In our experience, it’s not uncommon in today’s companies to spend the first hours of their board of directors reviewing employee survey results. Today, people associate employee mood with real dollars. The realization of the importance of monitoring employee sentiment has led to a surge in analytics platforms dedicated to, among other things, employee research. Some platforms offer employees the opportunity to comment on leadership and career opportunities. Companies that prioritize leveraging employee sentiment are more likely to thrive beyond 2022.

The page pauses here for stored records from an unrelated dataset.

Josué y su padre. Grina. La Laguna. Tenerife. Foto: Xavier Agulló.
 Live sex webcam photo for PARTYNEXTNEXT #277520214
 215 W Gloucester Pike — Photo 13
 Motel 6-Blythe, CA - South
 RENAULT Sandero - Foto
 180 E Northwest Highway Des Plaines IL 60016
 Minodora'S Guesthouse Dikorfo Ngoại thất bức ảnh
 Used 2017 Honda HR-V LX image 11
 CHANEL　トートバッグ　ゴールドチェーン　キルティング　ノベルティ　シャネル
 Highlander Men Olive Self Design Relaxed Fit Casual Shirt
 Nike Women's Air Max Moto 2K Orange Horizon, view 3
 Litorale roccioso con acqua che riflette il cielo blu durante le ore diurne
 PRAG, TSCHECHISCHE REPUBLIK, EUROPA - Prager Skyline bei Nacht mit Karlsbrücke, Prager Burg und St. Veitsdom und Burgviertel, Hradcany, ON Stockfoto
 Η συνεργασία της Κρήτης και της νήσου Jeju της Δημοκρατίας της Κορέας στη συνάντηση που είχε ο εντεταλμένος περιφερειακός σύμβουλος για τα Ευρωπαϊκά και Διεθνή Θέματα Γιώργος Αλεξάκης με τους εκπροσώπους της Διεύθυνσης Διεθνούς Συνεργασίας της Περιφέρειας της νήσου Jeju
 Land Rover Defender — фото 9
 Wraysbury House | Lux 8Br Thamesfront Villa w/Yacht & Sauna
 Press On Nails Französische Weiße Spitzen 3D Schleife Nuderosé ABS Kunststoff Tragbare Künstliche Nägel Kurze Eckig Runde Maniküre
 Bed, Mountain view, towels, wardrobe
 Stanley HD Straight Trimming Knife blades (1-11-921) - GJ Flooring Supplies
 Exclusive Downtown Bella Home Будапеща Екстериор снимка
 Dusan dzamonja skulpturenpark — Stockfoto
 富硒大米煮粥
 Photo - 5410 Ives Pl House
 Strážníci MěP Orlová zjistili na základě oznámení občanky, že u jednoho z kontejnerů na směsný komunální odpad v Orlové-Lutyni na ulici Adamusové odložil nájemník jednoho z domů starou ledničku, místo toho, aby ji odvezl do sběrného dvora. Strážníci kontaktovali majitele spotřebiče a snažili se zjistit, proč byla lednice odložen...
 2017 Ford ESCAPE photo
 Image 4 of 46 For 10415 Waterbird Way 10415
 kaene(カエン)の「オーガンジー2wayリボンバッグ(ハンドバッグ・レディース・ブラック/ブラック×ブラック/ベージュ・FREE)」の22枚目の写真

MOST EMPHASIS IS NEEDED ON WORKPLACE WELLNESS NOW THAN EVER
Mental health needs to be open in the workplace and it needs better tools focused on prevention. For leaders, it means finding and implementing technologies that help employees prioritize their mental health. From a platform that enables people to actively measure and manage their mental health through clinically backed tools and training, companies can analyze aggregated and anonymized data into workplace welfare strategies. They range from platforms to help you provide enough information. Fortunately, the proliferation of mental health tools has made this possible for businesses of all sizes.
According to Gallup’s Meta-Analysis, corporations that rank worker engagement see a twenty third increase in gain. It’s no marvel that the organizations that rank measure of human capital, worker sentiment and geographic point wellbeing are going to be those who stand to thrive within the “now of labor.” We are watching the “future of work” evolve in real-time as the virtual and physical worlds co-exist, and most of the time collide. This shift marks a major turning point for corporate executives and SMB owners who need to rethink their HR philosophy and investments in new HR skills.